Chief Justice Warren noted in his opinion that "The exception for persons with less than one-sixteenth 'of the blood of the American indian' is apparently accounted for, in the words of a tract issued by the registrar of the state bureau of vital statistics, by 'the desire of all to recognize as an integral and honored part of the white race the descendants of John Rolfe and Pocahontas ... .' Plecker, the new family and race improvement, 17 Va. Health Bull., Extra No. 12, at 25-26 (New Family Series No. 5, 1925), cited in Wadlington, the Loving Case: Virginia's Anti-miscegenation statute in Historical Perspective, 52 Va. L. Rev. 1189, 1202, n. 93 (1966)."

In other words, if the exception hadn't been in there, it would implicated half the elite families of Virginia...

Will Baird

In other words, if the exception hadn't been in there, it would implicated half the elite families of Virginia...

I'm more French than Native American, so I think - think! - that Noel's pronouncement I still count as one of the pasty ones stands.

Noel Maurer

Dear Double L: I don't know where in East Asia you happen to be, but there's probably no small element of selection bias among the expat community.

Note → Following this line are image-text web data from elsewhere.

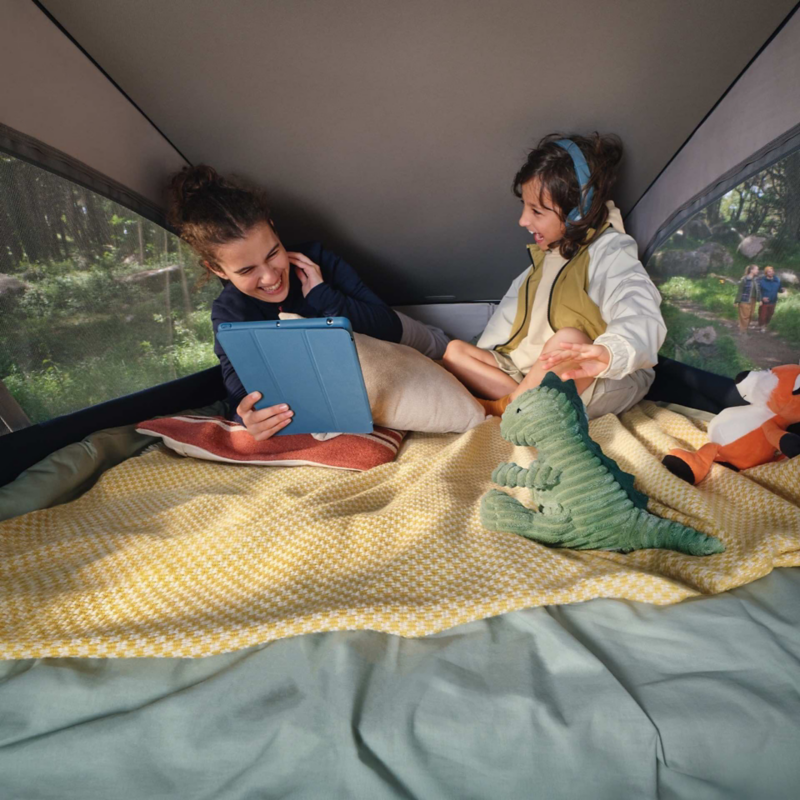 Two children sat inside a California listening to music and using a tablet.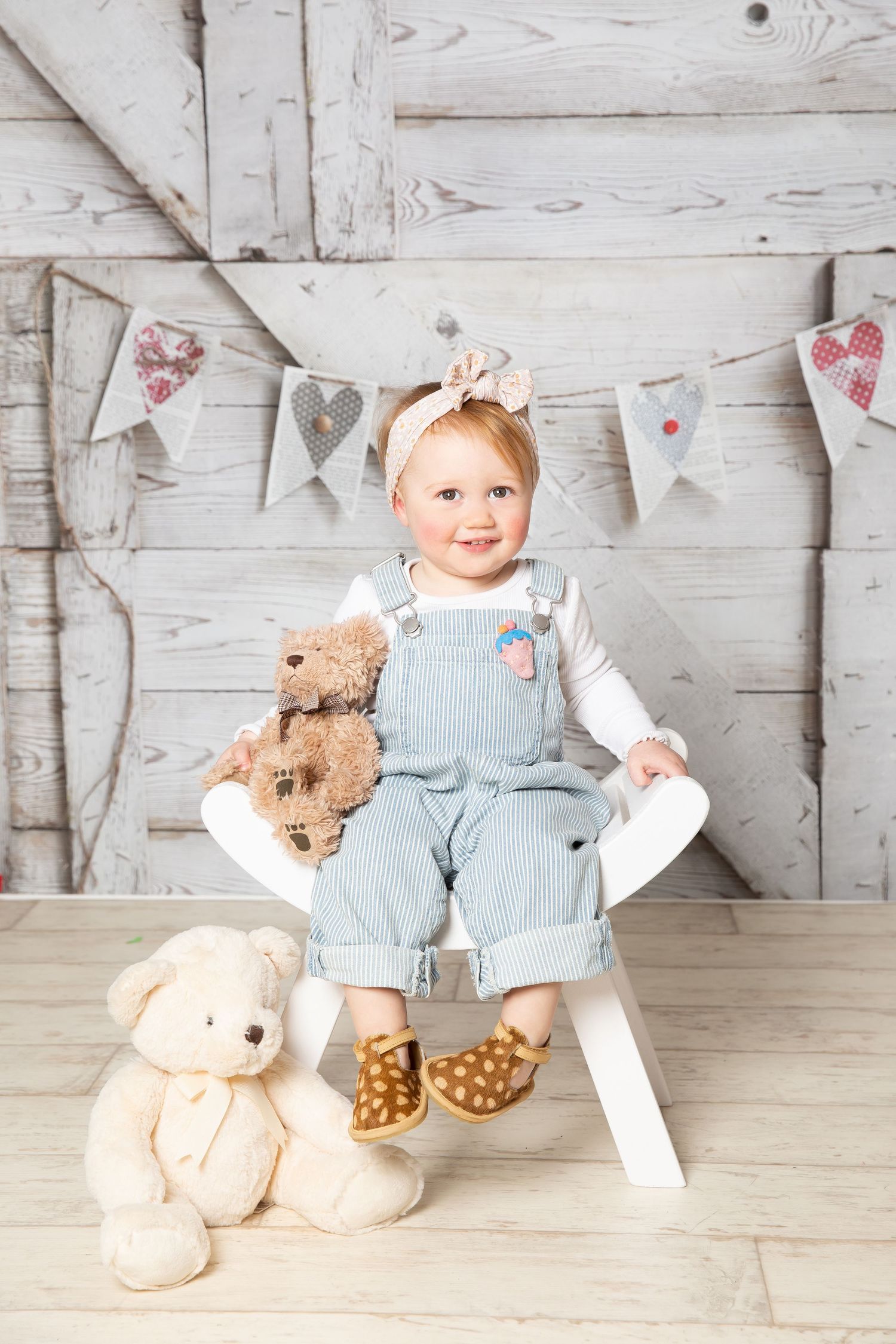 Toddler in blue overalls sits on white chair with teddy bears against rustic wall with heart banner decorations.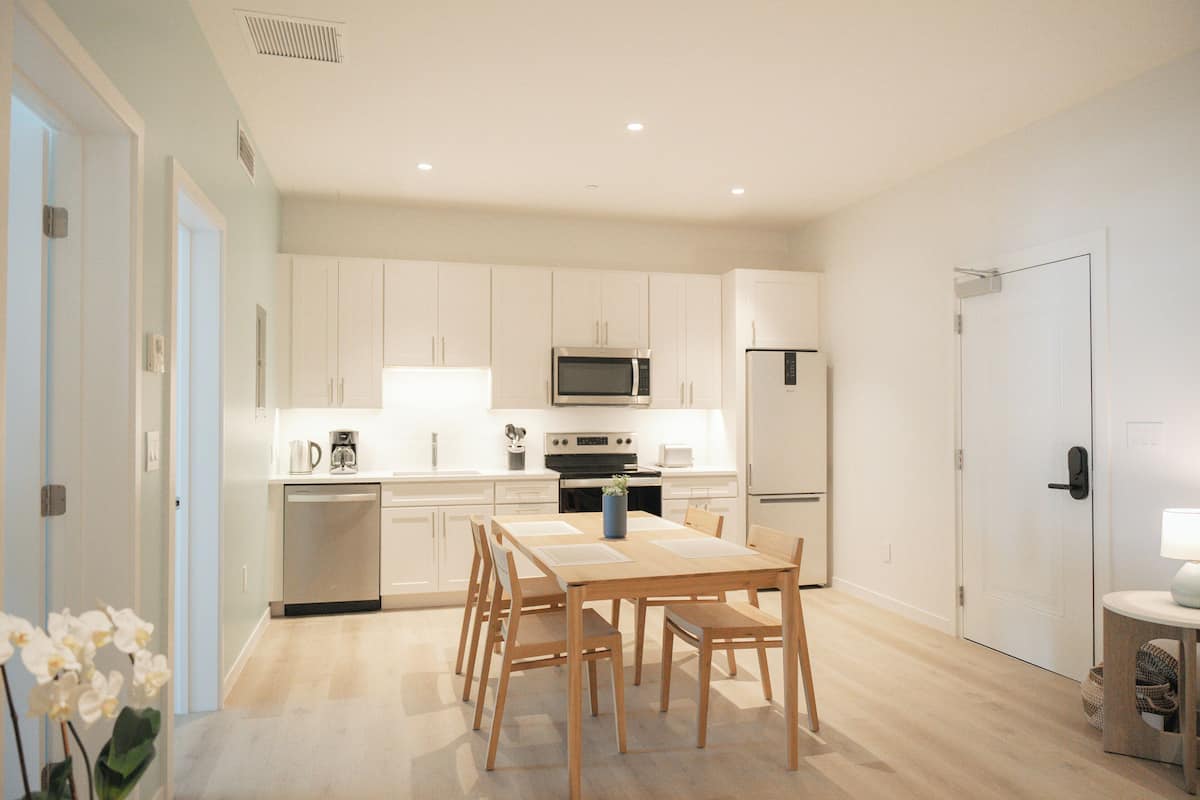 A modern kitchen with white cabinets, stainless steel appliances, and a wooden dining table.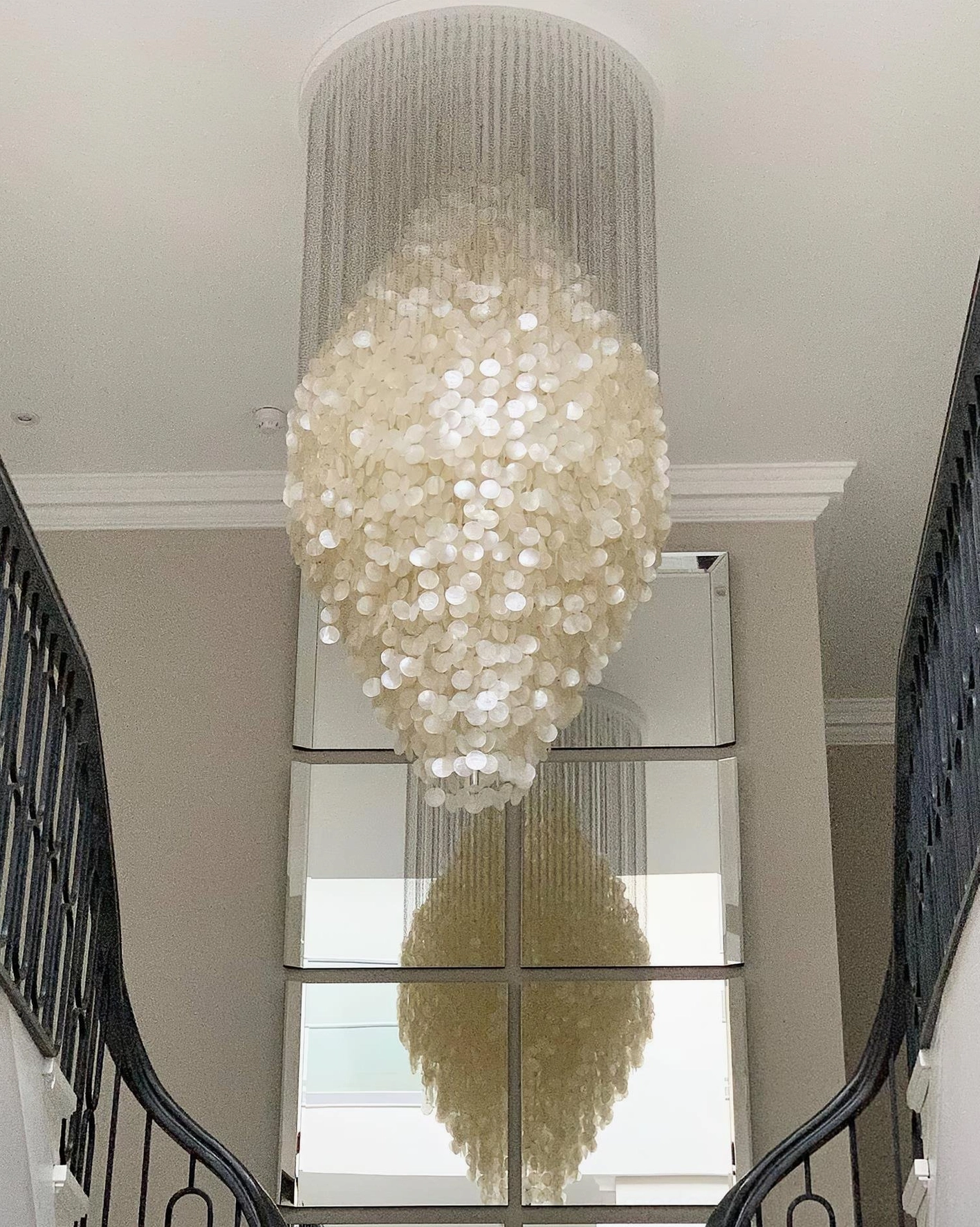 White metal frame shell chandelier with cascading capiz shells creating sculptural focal point in home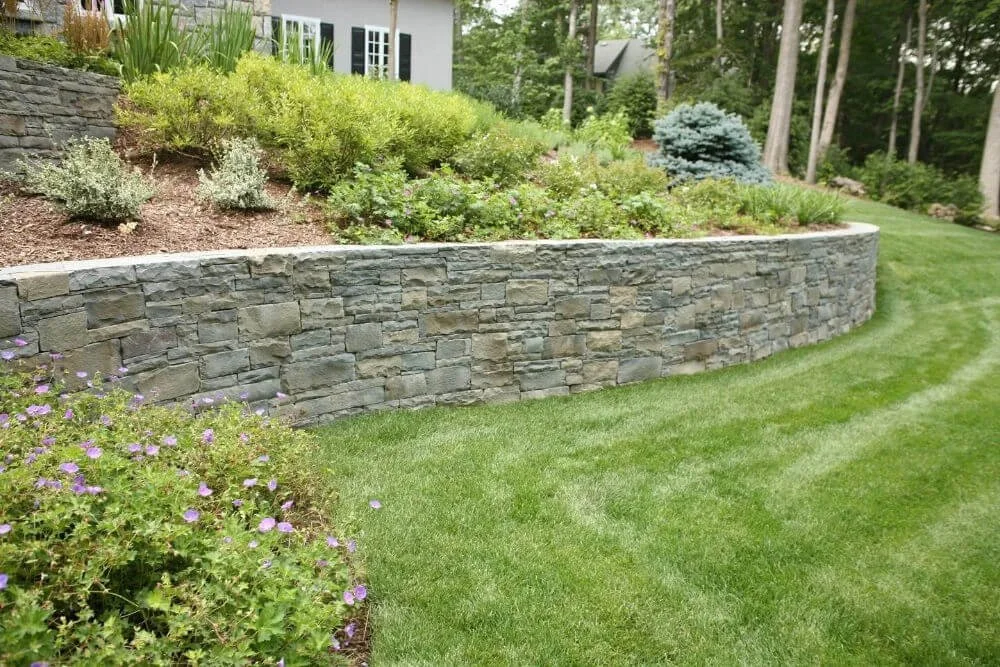 Functional backyard retaining wall with natural stone finish supporting a raised lawn and garden
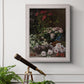 Early impressionist floral painting by Claude Monet in an ornate weathered white frame displayed in a light-toned interior setting.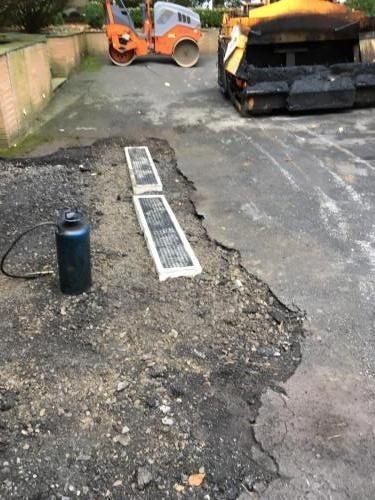 Road repair: Asphalt removed, propane tank, grates, roller, and asphalt paver on a road.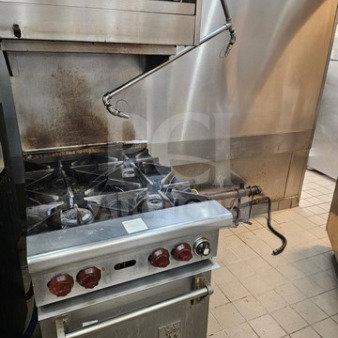 Wolf commercial 6-burner gas range with red knobs, featuring a mounted salamander broiler above, in working condition.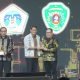 Pj Bupati PPU Terima Penghargaan Peduli Inovasi Ekonomi Kreatif dan Pariwisata dari Kompas Group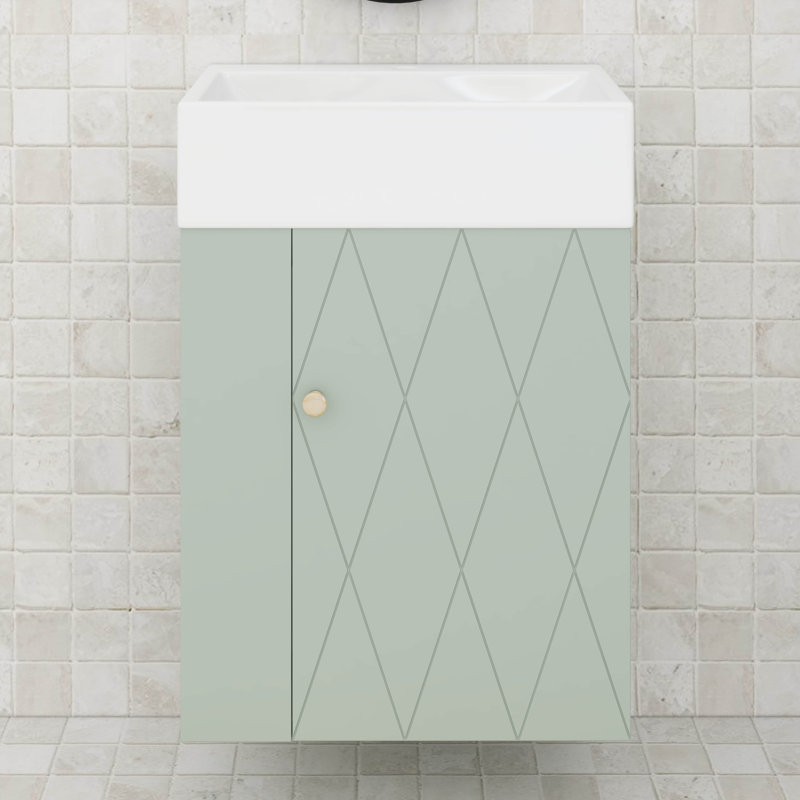 Meuble-lavabo de 20 po avec lavabo en céramique, porte à motif de losanges, poignées et tablettes de rangement latérales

Americans who choose to live in Asia are more likely to feel an affinity with Asian culture and Asian people. Not all of course, but rather more so that those who stay back in the United States.

Brendan was, I believe, referring to sexual intercourse rather than marriage ... I mean, what teenage boy ever fantasized about marrying Vanessa Williams? (I refer to the woman from the Cosby Show and Melrose, of course.)

As for marriage, I can tell you from my own personal experience that I haven't seen anything resembling an ick factor.


In answer to a question: while there were black people who some white Americans found attractive, maybe for decades, the idea of actual race mixing was problematic to some people well after Loving vs. Virginia; I blogged about it on June 12. And know that there are STILL black AND white people who think it's a bad idea.

Noel Maurer

ROG: that's true, there still are people who think it's a bad idea ... but they're more marginal every day. Unless your close friends or relatives fall into that group, their opinions aren't likely to affect your life very much.

"The difference between an ideology and an institution is that an institution affects your life even if you don't believe in it."